● Work request
With pictures excluded, copy word for word the lines in the data below from the line containing "Open-concept kitchen featuring" through the line containing "9133 Moody Ave, Oak".

Caption-style text data:
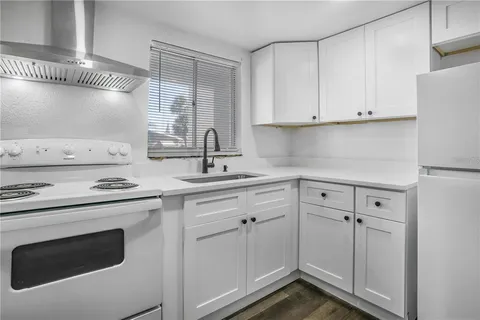 a kitchen with cabinets appliances and a sink
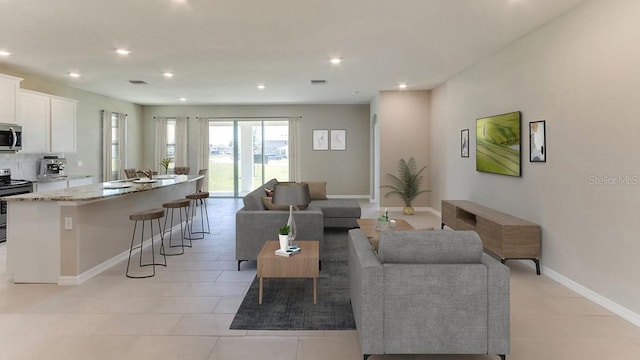 living area featuring light tile patterned flooring, visible vents, recessed lighting, and baseboards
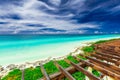 Beautiful view from the top of the roof on tropical white sand beach and tranquil turquoise tender ocean on sunny summer day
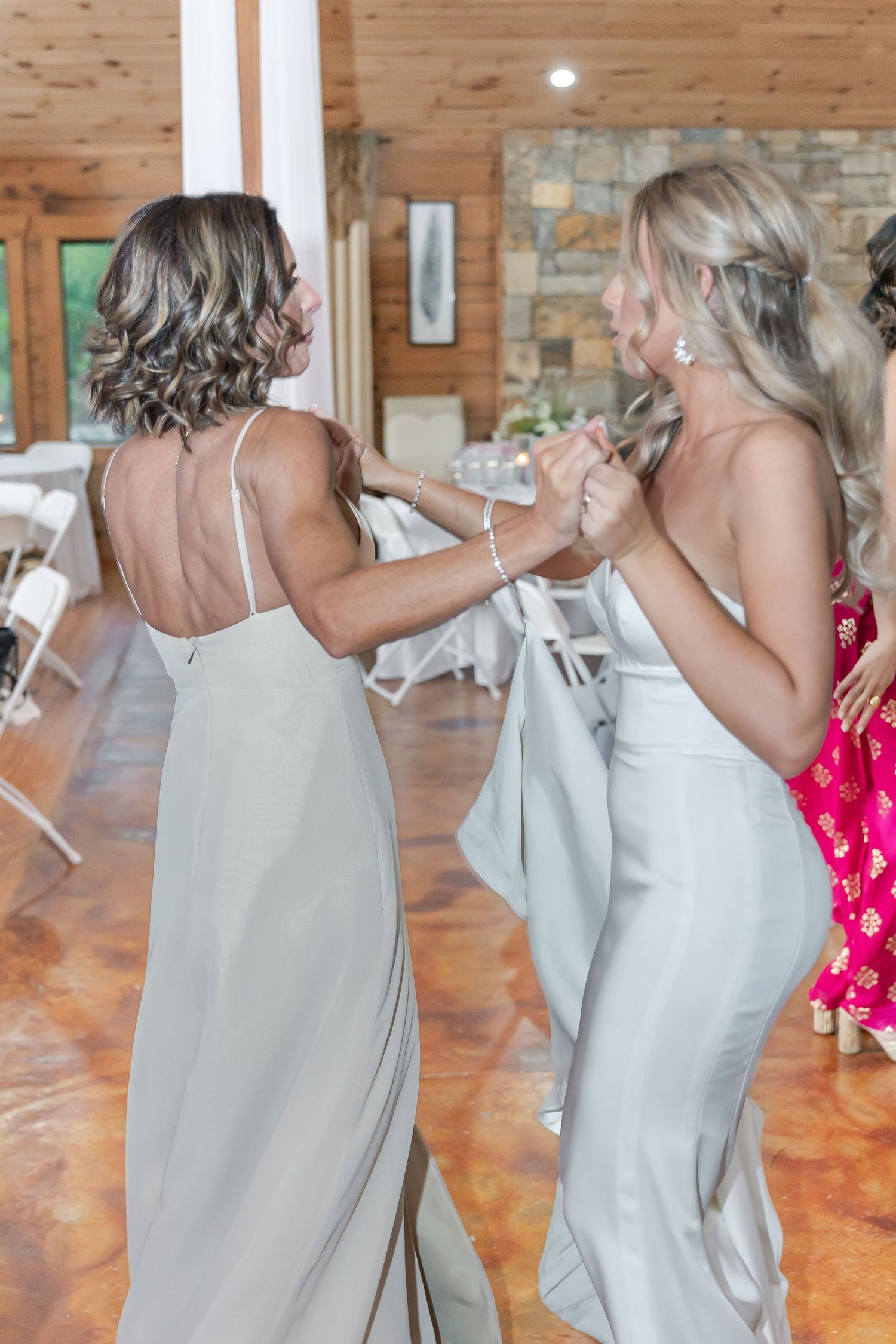Two people in elegant silver dresses dancing together at a rustic wedding reception.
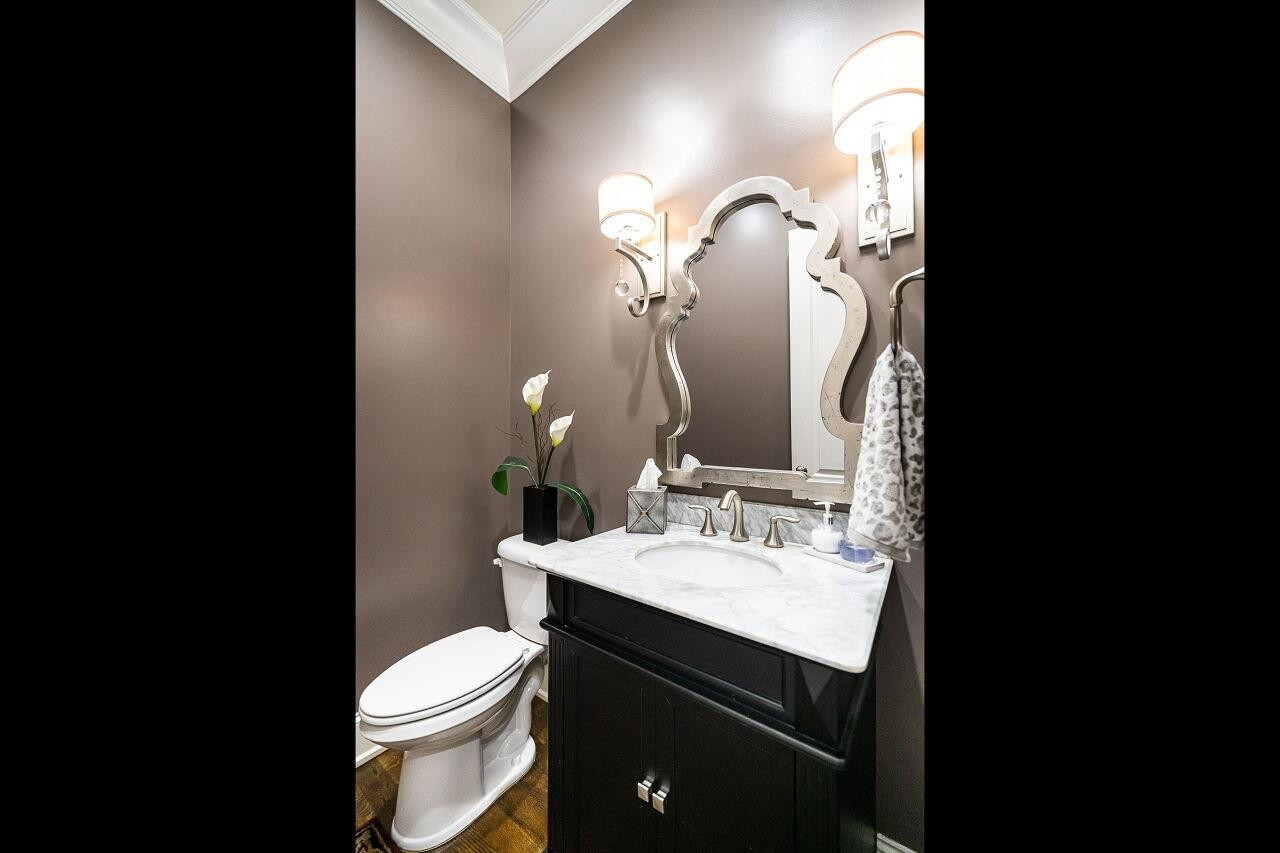 8401 Bournemouth Drive Raleigh, NC 27615 - Photo 22 of 41 Half-Bath with raised vanity, marble top, custom mirror and hardwood floors. Half-Bath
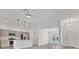 Open-concept kitchen featuring stainless steel appliances, a center island, and a view to the entry at 1959 Keel Ct, The Villages, FL 34762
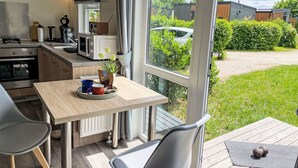 A modern kitchen with a dining area, large windows, and a view of a garden and parked car. - Lovely apartment in villa for 4 people with WIFI, TV and pets allowed (Beilngries)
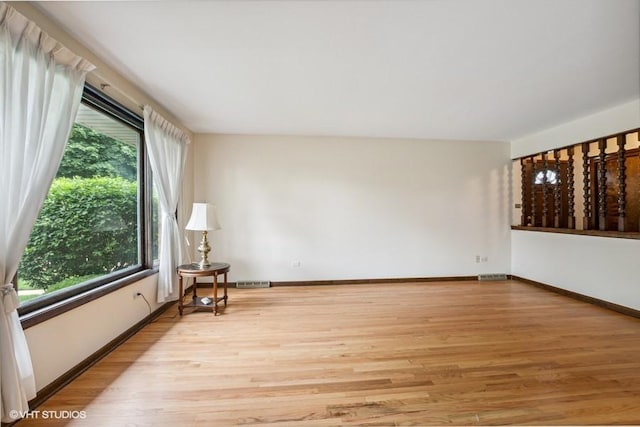 9133 Moody Ave, Oak Lawn, IL 60453 - spare room featuring wood finished floors and baseboards
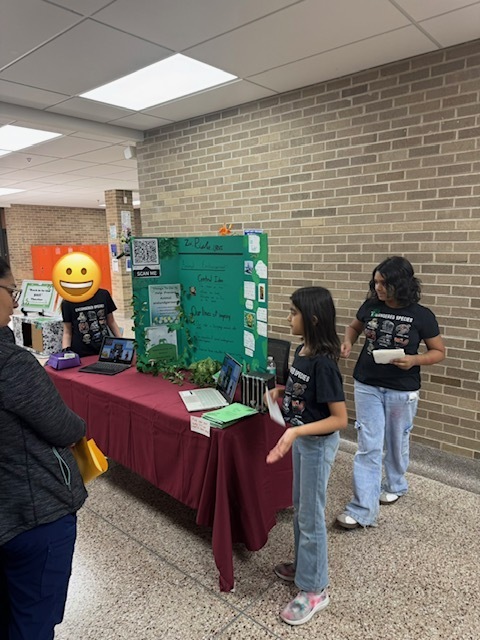 Two students give a presentation to a community member about their project.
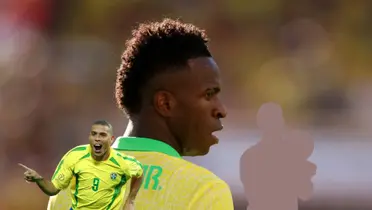 Vinicius Jr. looks to the side while Ronaldo Nazario celebrates his goal for Brazil and a mystery Brazilian legend holds a special prize. (Source: Getty Images) 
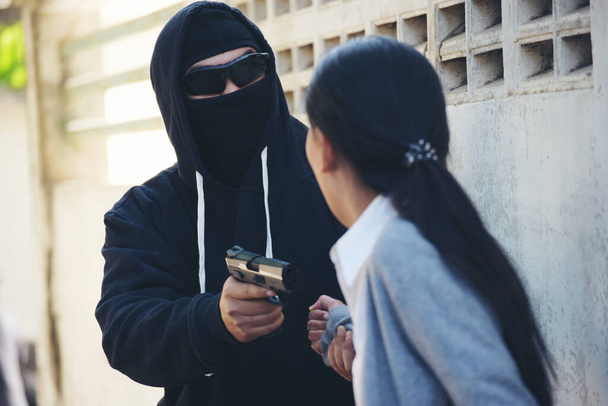 Thief armed man rob woman by gun on street so scared shocked face. Frightened asian woman was rob aggressive by danger bandit man. Robbery thief using gun burglar. Criminal aggression crime concept. - Foto, imagen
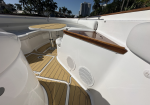 White yacht deck with a round wood-table and curved white seating, teak flooring, and a wooden gunwale; palm trees and a high-rise building in the background.
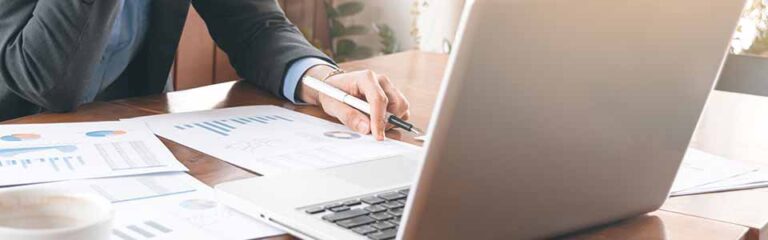 Przedsiębiorca analizuje na laptopie raport BIK swojej firmy pobrany online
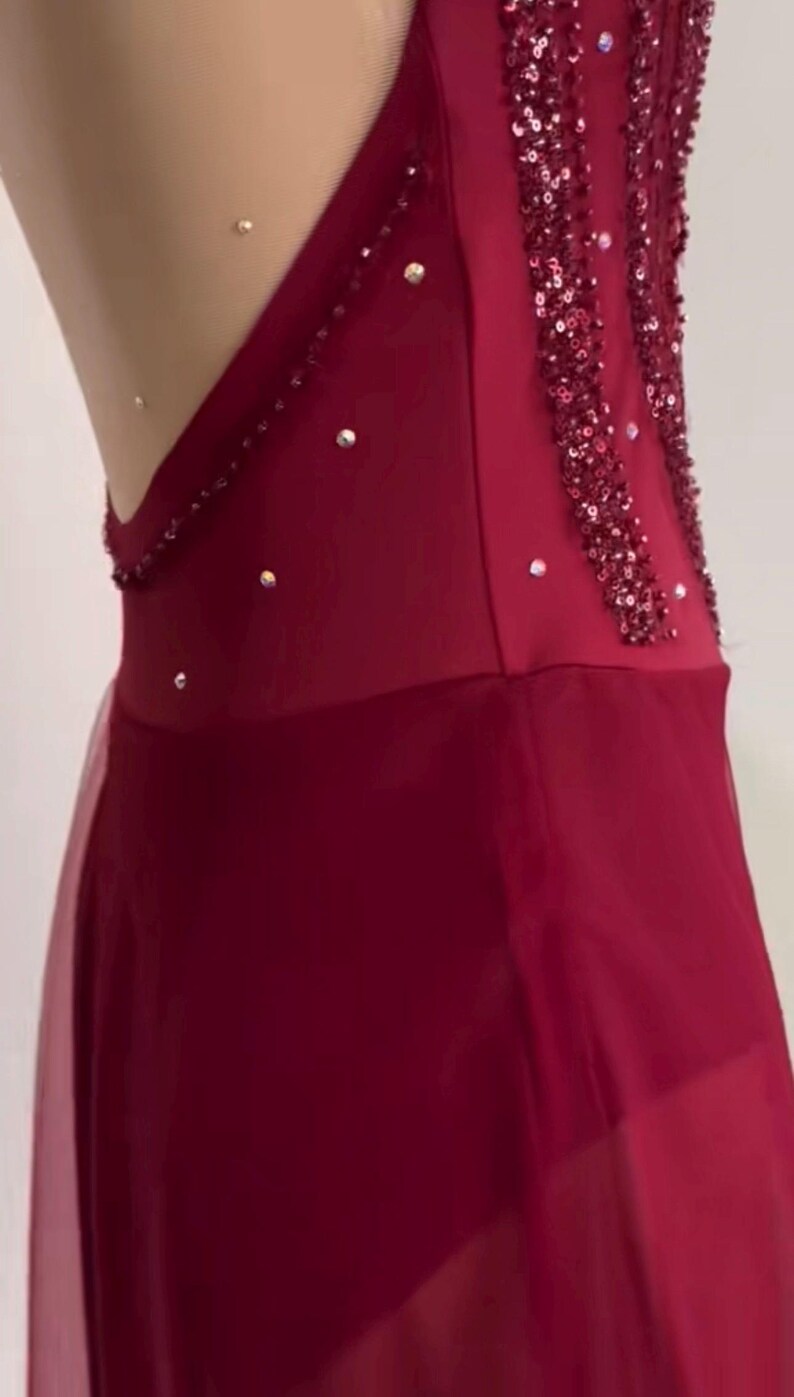 May include: A deep red sleeveless garment featuring a sheer nude-colored mesh panel along the side, embellished with vertical rows of dark red sequins and scattered clear crystals. The lower portion consists of a layered, semi-sheer red fabric skirt.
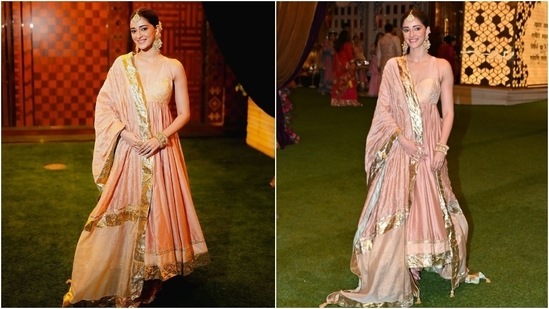 Ananya Panday wore a blush pink anarkali suit set to Ambani's Haldi ceremony. She wore a sleeveless anarkali kurta, a matching dupatta, and churidar pyjamas. A mang tika, chandbalis, kadhas, rings, gajra-adorned bun, and striking glam rounded off the styling.&nbsp;(HT Photo/Varinder Chawla)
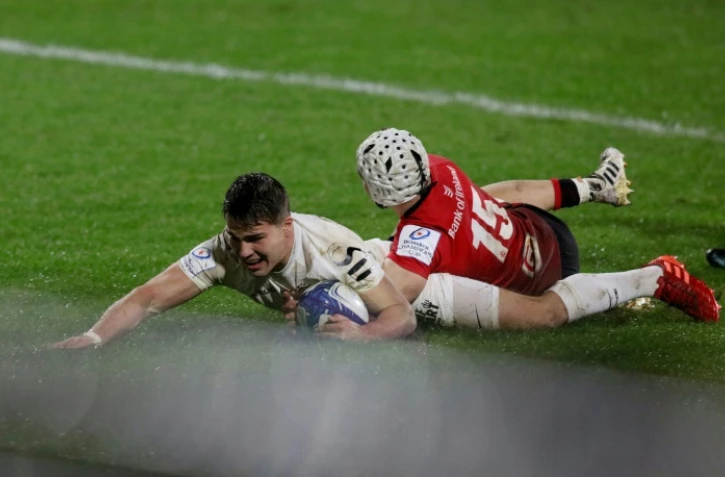 Le demi de mêlée de Toulouse, Antoine Dupont, marque un essai lors du match de groupes de la Coupe d'Europe en Ulster, à Belfast, le 11 décembre 2020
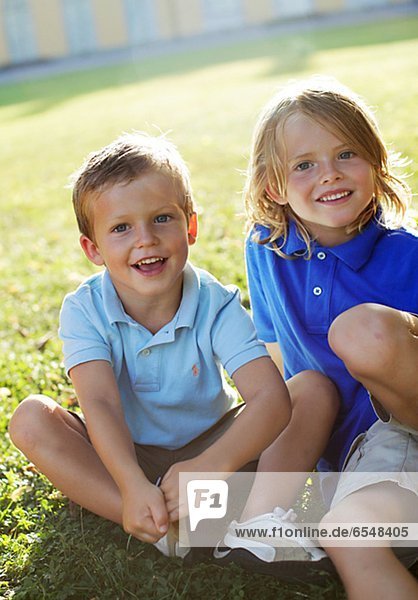 Portrait of two boys sitting on grass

● Output of the exercise
 Open-concept kitchen featuring stainless steel appliances, a center island, and a view to the entry at 1959 Keel Ct, The Villages, FL 34762
 A modern kitchen with a dining area, large windows, and a view of a garden and parked car. - Lovely apartment in villa for 4 people with WIFI, TV and pets allowed (Beilngries)
 9133 Moody Ave, Oak Lawn, IL 60453 - spare room featuring wood finished floors and baseboards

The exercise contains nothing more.